3. The Christians had gathered together to pray specifically, and when their answer showed up, they failed to go answer the door.
a. This is not a guarantee that God will grant us every one of our requests, and it is certainly no guarantee that if He does grant us our request it will be on our timing.
b. But this is an encouragement to have faith that He is able to do these things, and we need to be constantly listening to see if He is knocking at the door.
4. How many times do we offer up a prayer for someone to be healed, a job interview to go well, or even for someone to be saved? Yet we pray it half-heartedly, and unexpectantly, thinking that God would never answer that prayer.
a. We need to grow in faith, and expect that God will answer us when we pray.

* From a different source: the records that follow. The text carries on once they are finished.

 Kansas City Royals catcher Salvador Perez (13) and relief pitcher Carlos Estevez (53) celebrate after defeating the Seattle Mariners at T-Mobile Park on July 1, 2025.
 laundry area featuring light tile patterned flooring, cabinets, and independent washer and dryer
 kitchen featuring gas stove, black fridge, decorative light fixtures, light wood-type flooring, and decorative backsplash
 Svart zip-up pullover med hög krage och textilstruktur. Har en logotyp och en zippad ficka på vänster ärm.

C. We are to give glory to God in all things
1. Herod received the admiration and accolades of the people who called him a god and failed to acknowledge the true God of heaven.

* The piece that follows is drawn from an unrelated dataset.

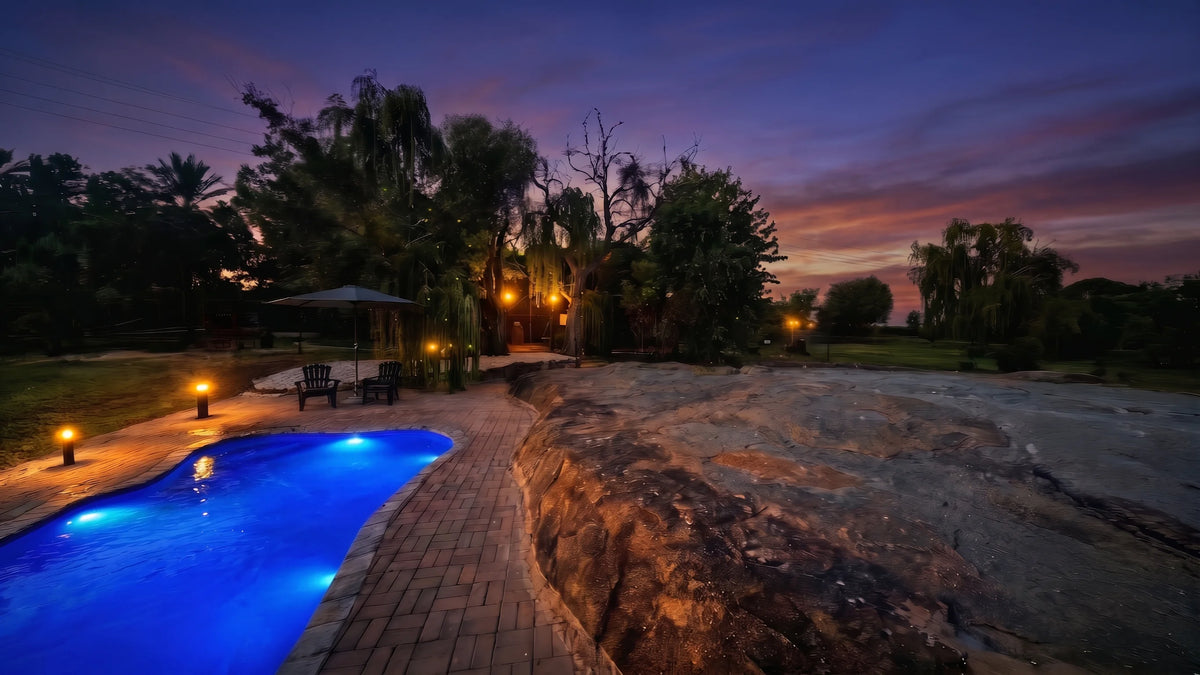The pool and granite werf at Bezalel Estate Country House, lanterns lit at dusk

2. Herod allowed them to play to his ego and he loved every minute of it.
3. However, in Isa. 42:8 God said, “I am the Lord; that is my Name, my glory I give to no other.”
a. When we fail to praise God and give Him glory for everything that happens in our life, good or bad, we set ourselves up as an idol, competing with God for His glory.
b. It is clear that God does not share His glory.
4. To glorify God means to assign to Him the position and authority that He rightly deserves.
a. It means to magnify Him, as we learned in Malachi 1:5, “The Lord be magnified” simply is another way of saying “We exist to glorify God”
b. The Mission of the church
A. We have a wonderful and glorious Father in heaven.
B. However, there are times in our own personal lives and in the life of the church universal, where He allows setbacks and difficulties to happen.
C. This doesn’t change God in any way – His goodness, His kindness and His grace are not altered simply because we are in the midst of a hard time.
D. Because God is sovereign our prayers don’t change Him, they do change us.
1. They change us to be more like Him, to concern ourselves with the things that concern Him, and to do the things that He would want us to do.
2. We grow in our faith and maturity when we realize and understand that there is nothing and no one who can stand in the way of God’s purpose and plan when it comes to our lives and to the growth of the church.
3. We should be able to sing “There is nothing my God cannot do” with any two year old, and have that be our confession of faith. There are no limits with God.
a. Jesus in Matthew 16 said, “I will build my church, and the gates of hell will not prevail against it.” (Matt. 16:18)
b. Jesus promises that evil will be defeated, and we magnify His Name because of it.